● **What to work on**: Below this line is a set of entries; quote exactly the lines from the line that contains "Voluma Kwas hialuronowy" to the line that contains "Image of Point", both lines included.

● **Supplied records**:

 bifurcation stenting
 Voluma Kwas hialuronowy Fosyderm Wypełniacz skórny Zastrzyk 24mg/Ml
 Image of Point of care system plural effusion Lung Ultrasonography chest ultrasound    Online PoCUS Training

==

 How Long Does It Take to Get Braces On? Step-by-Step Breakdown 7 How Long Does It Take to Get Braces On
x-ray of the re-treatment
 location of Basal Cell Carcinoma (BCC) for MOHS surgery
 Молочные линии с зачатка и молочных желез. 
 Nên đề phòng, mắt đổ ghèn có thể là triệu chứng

● **Result of this task**:
 Voluma Kwas hialuronowy Fosyderm Wypełniacz skórny Zastrzyk 24mg/Ml
 Image of Point of care system plural effusion Lung Ultrasonography chest ultrasound    Online PoCUS Training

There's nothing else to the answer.